▶ _TASK PROMPT_:
The result should be the full listing copied exactly, with no pictures in it.
EXTRACTED DATA START
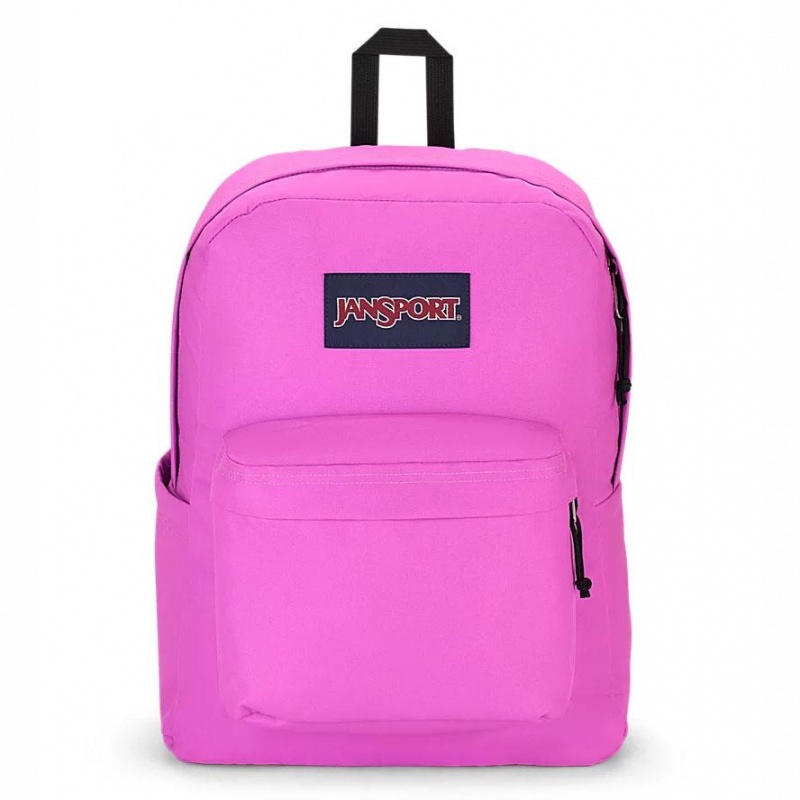 JanSport SuperBreak® Plus Sırt çantaları Dizüstü Sırt Çantası Pembe | YTRVQ28394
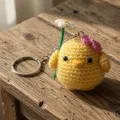 Handmade Crochet Chick Keychain 8 cm Cute Bag Charm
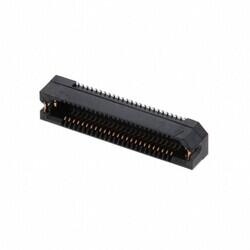 50 Position Connector Socket, Outer Shroud Contacts Surface Mount Gold - Samtec Inc.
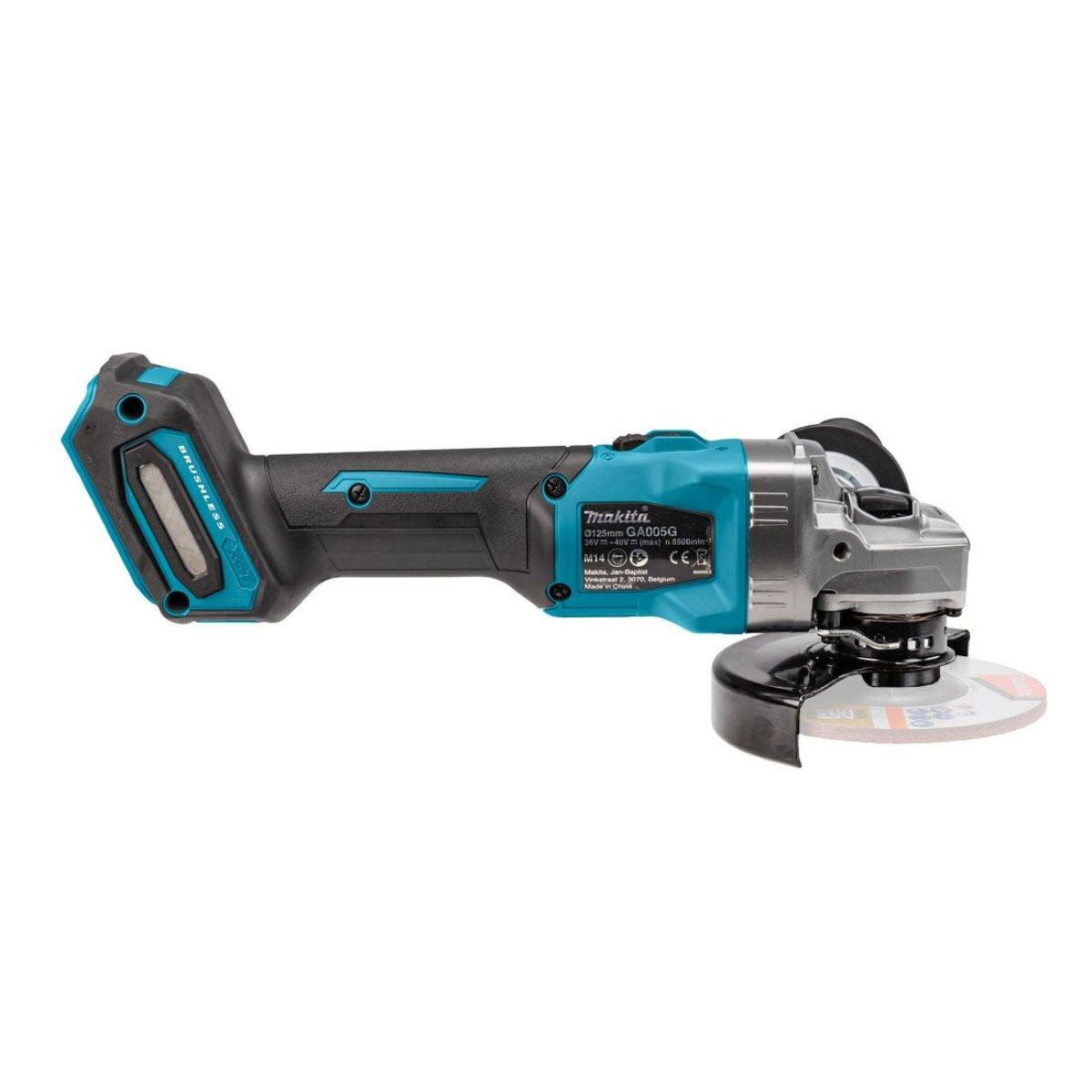 Makita GA005GZ01 40v Max XGT 125mm Brushless Angle Grinder Body Only With Carry Case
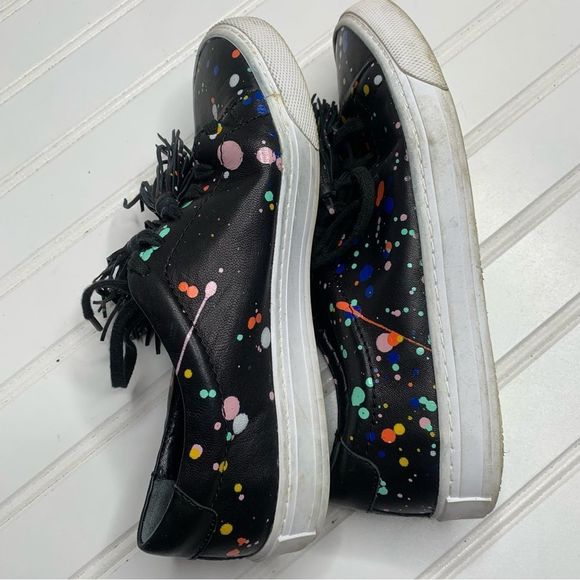 Loeffler Randall Logan Splatter-Print Tassel Sneakers - Picture 10 of 11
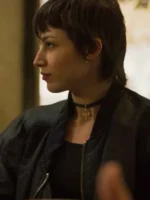 Úrsula Corberó Money Heist Tokyo Black Bomber Jacket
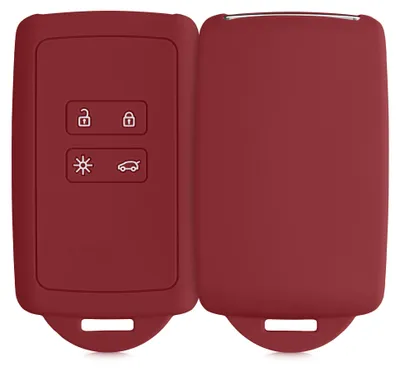 Produktbild von kwmobile Schlüsselhülle für Renault 4-Tasten Smartkey Autoschlüssel (nur Keyless Go) Hülle - Autoschlüssel Schlüssel Hülle aus Silikon -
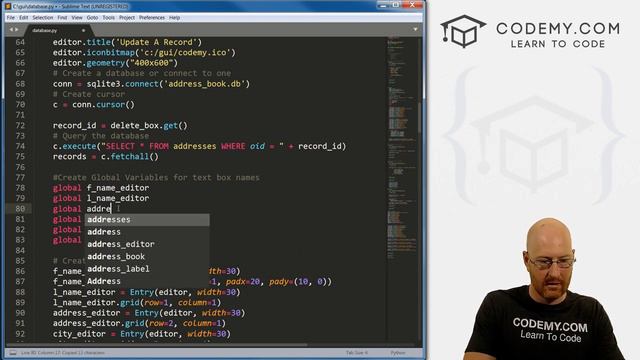 Update A Record With SQLite Part 2 - Python Tkinter GUI Tutorial 23 смотреть онлайн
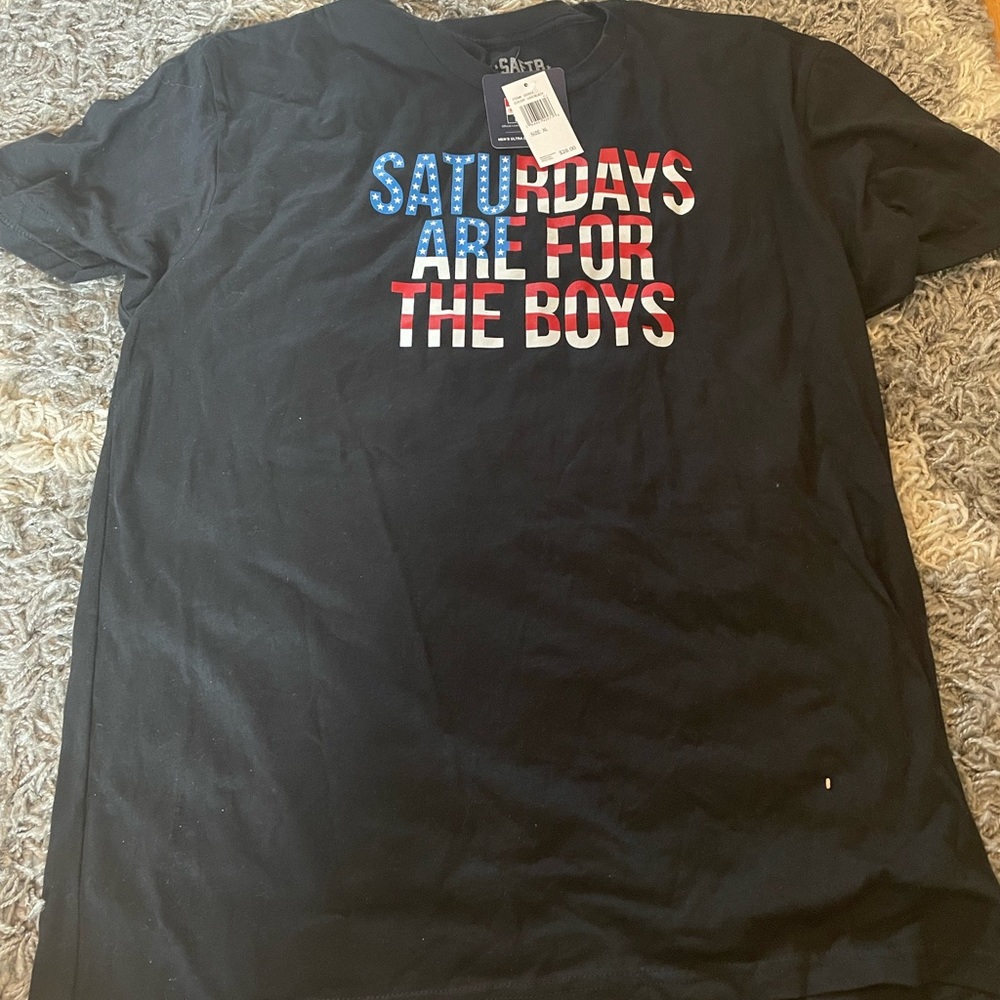 XL Saturdays are for the boys t shirt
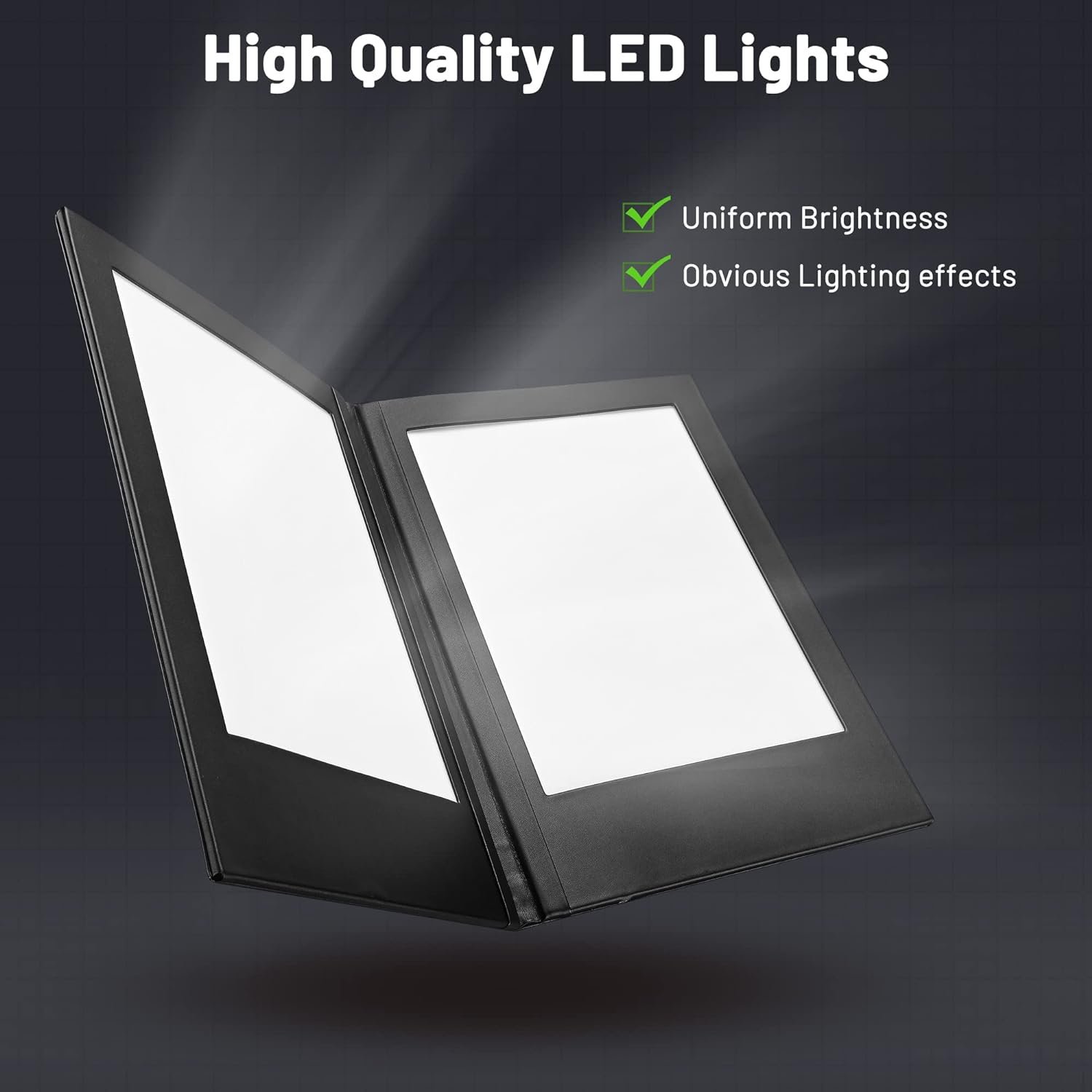 Flashing illuminated Acrylic Material Led Menu Two Board For food drink wine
EXTRACTED DATA END
▶ _WRITTEN REPLY_:
 JanSport SuperBreak® Plus Sırt çantaları Dizüstü Sırt Çantası Pembe | YTRVQ28394
 Handmade Crochet Chick Keychain 8 cm Cute Bag Charm
 50 Position Connector Socket, Outer Shroud Contacts Surface Mount Gold - Samtec Inc.
 Makita GA005GZ01 40v Max XGT 125mm Brushless Angle Grinder Body Only With Carry Case
 Loeffler Randall Logan Splatter-Print Tassel Sneakers - Picture 10 of 11
 Úrsula Corberó Money Heist Tokyo Black Bomber Jacket
 Produktbild von kwmobile Schlüsselhülle für Renault 4-Tasten Smartkey Autoschlüssel (nur Keyless Go) Hülle - Autoschlüssel Schlüssel Hülle aus Silikon -
 Update A Record With SQLite Part 2 - Python Tkinter GUI Tutorial 23 смотреть онлайн
 XL Saturdays are for the boys t shirt
 Flashing illuminated Acrylic Material Led Menu Two Board For food drink wine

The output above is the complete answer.